• _TASK GOAL_
Print the data below again in full, exactly as it stands, with no images.

• _DATA PROVIDED_
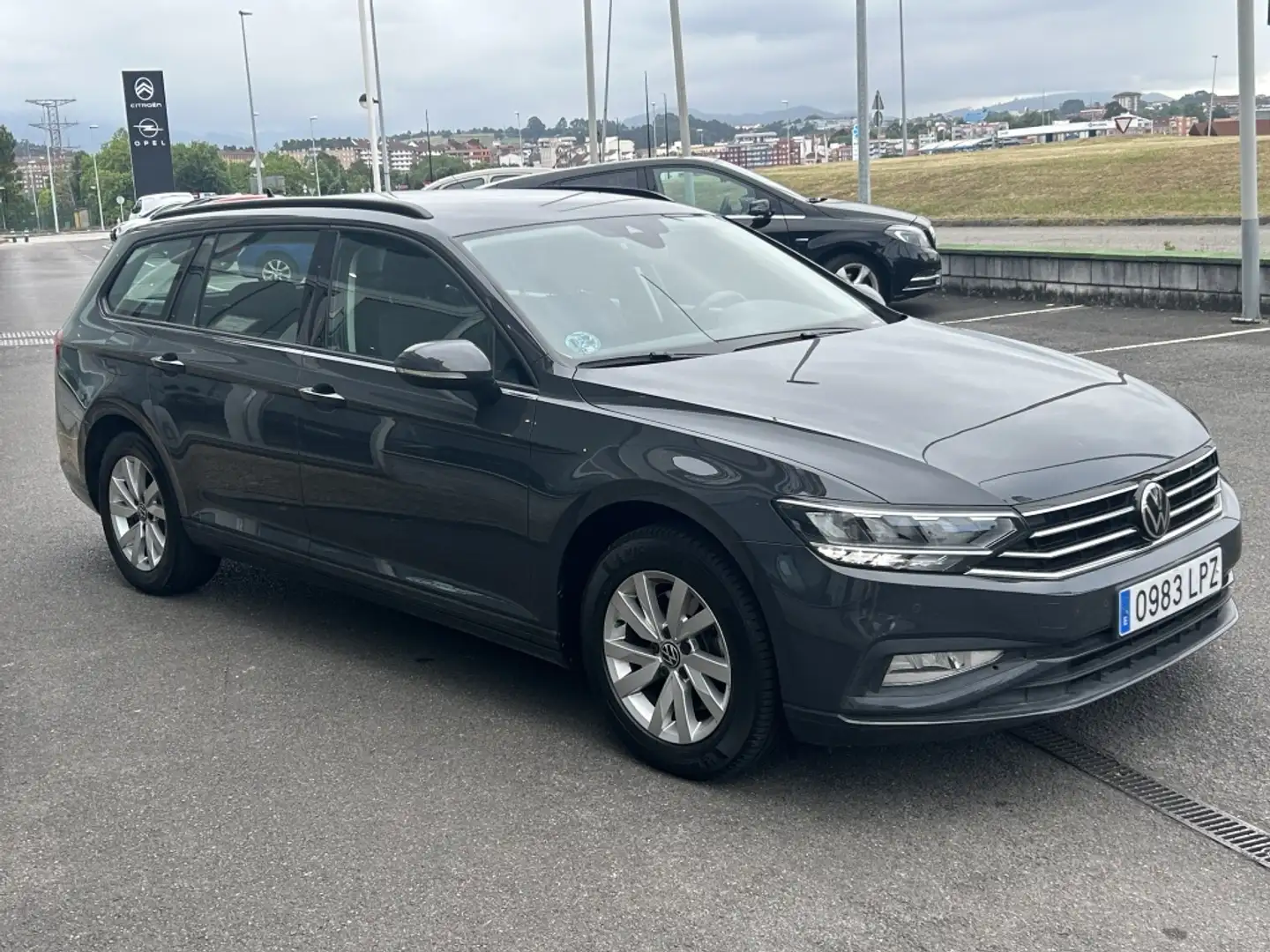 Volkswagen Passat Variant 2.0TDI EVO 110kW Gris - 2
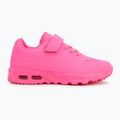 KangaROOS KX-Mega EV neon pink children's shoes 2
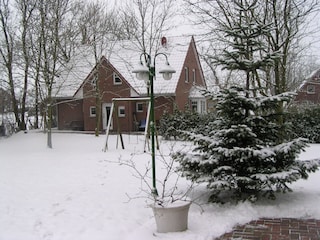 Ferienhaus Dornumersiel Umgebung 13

• _OUTPUT FOR THIS TASK_
 Volkswagen Passat Variant 2.0TDI EVO 110kW Gris - 2
 KangaROOS KX-Mega EV neon pink children's shoes 2
 Ferienhaus Dornumersiel Umgebung 13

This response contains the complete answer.